• _Work request_:
Print each record below precisely, with every picture left out of the copy.

• _Records shown_:
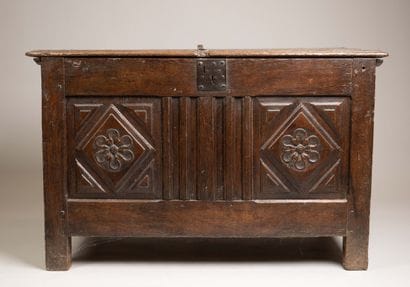 Molded and carved oak chest, decorated with...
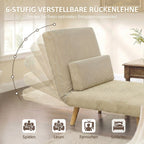 Schlafsessel 3 in 1 Schlafsofa mit Bettfunktion, 90x190cm Beige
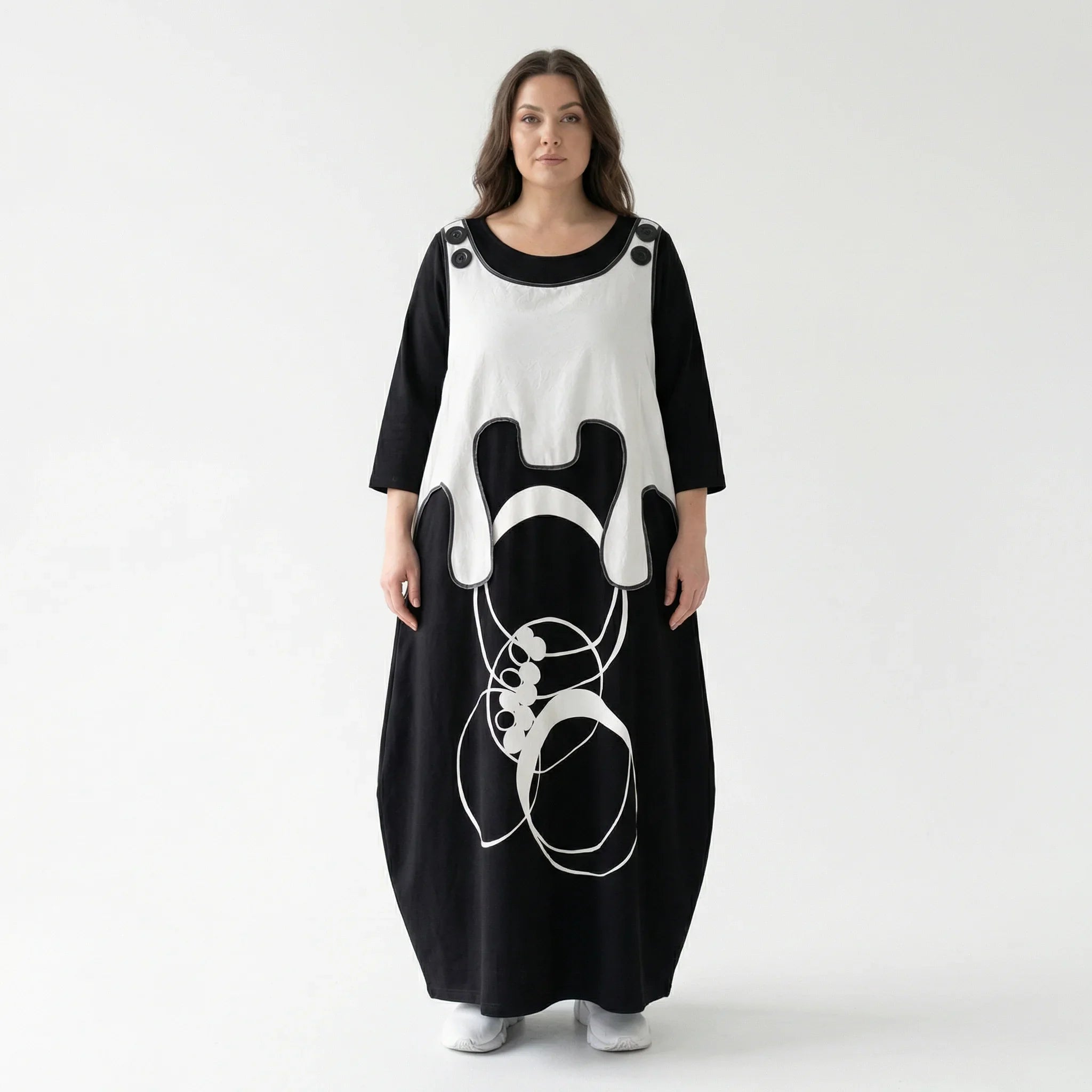 Cadrelli Maxikleid in Schwarz-Weiß mit Kunst-Print & French Terry – Avantgarde Damenmode bei Modeare entdecken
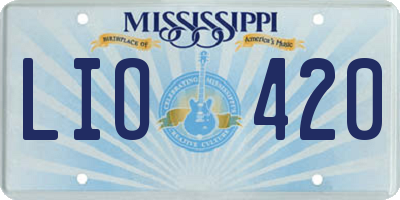 MS license plate LIO420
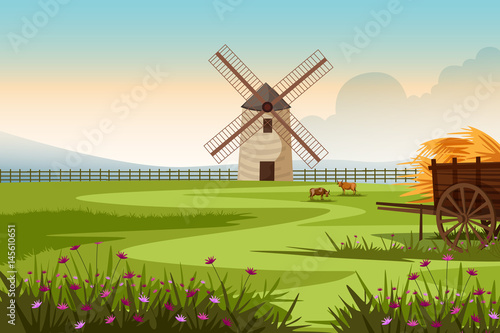 Rural farm landscape with windmill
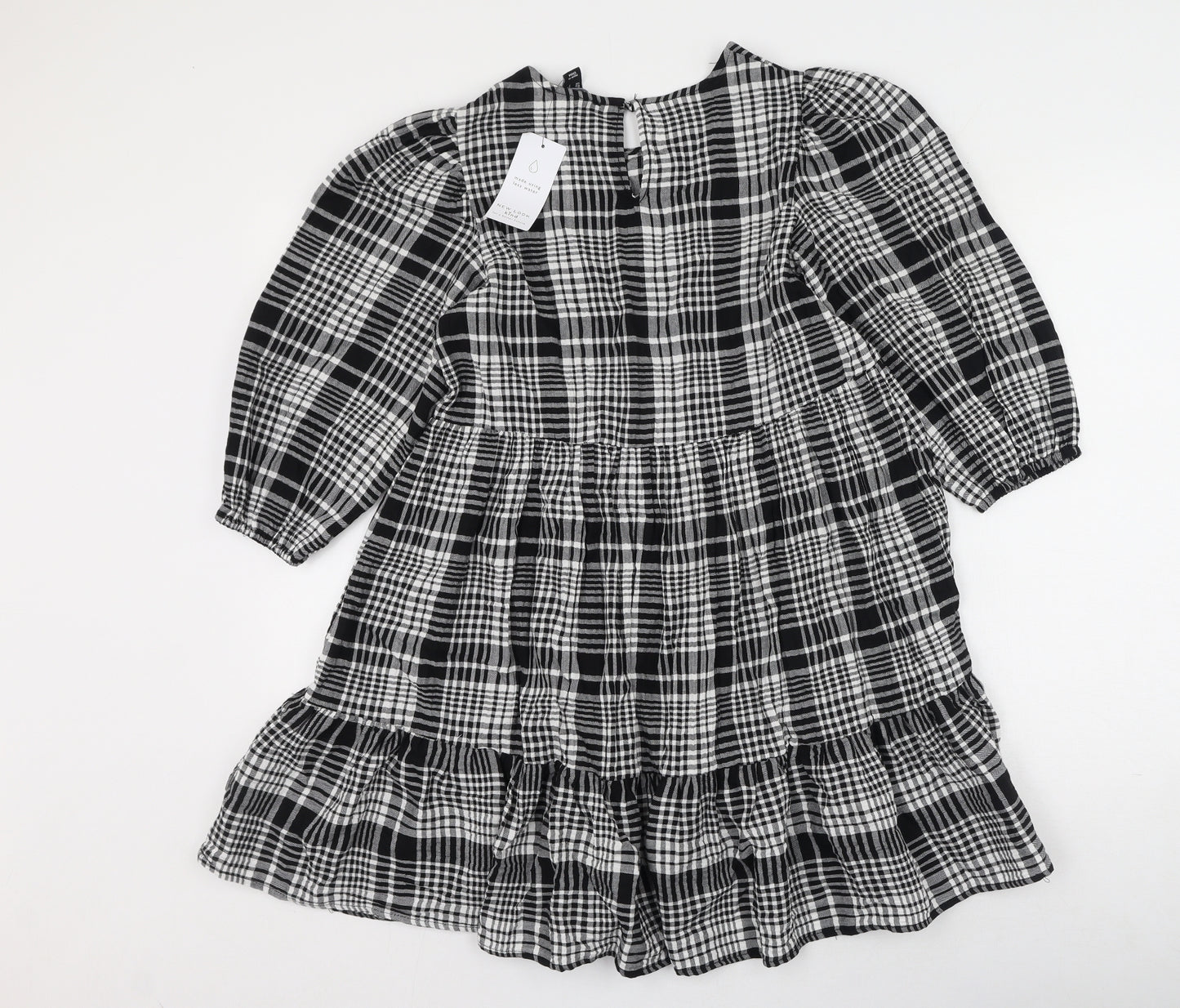 New Look Womens Black Plaid Cotton Fit & Flare  Size 6  Round Neck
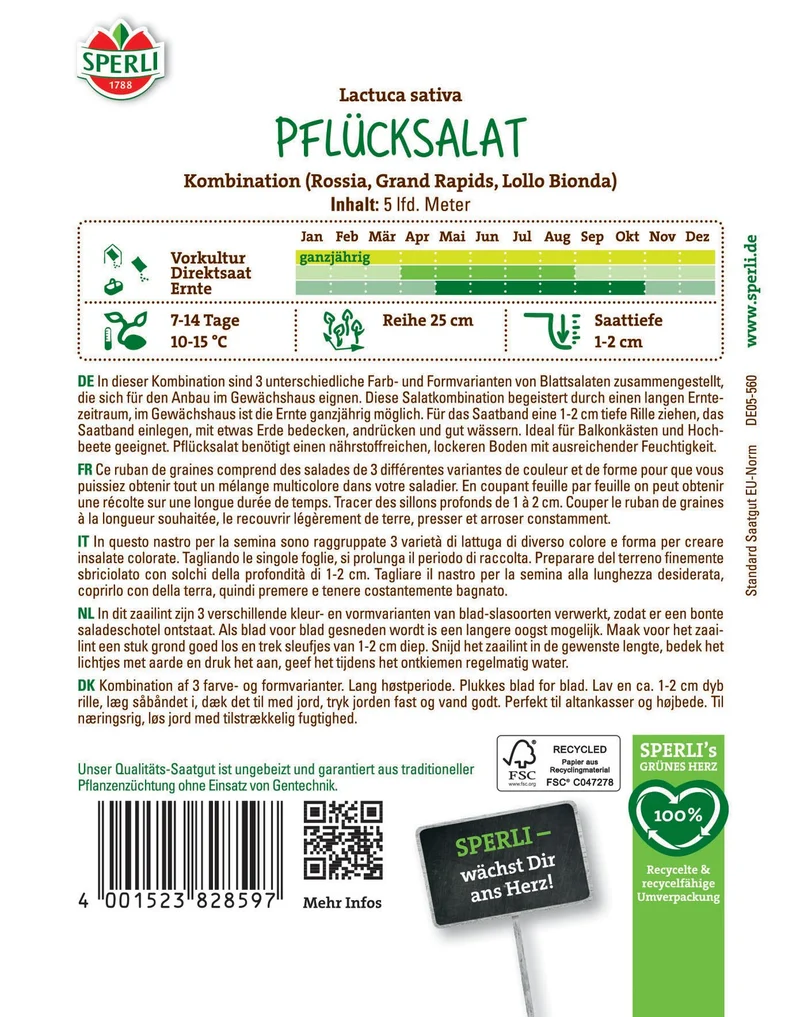 SPERLI Pflücksalat-Samen Kombination, Saatband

• _Answer to the exercise_:
 Molded and carved oak chest, decorated with...
 Schlafsessel 3 in 1 Schlafsofa mit Bettfunktion, 90x190cm Beige
 Cadrelli Maxikleid in Schwarz-Weiß mit Kunst-Print & French Terry – Avantgarde Damenmode bei Modeare entdecken
 MS license plate LIO420
 Rural farm landscape with windmill
 New Look Womens Black Plaid Cotton Fit & Flare  Size 6  Round Neck
 SPERLI Pflücksalat-Samen Kombination, Saatband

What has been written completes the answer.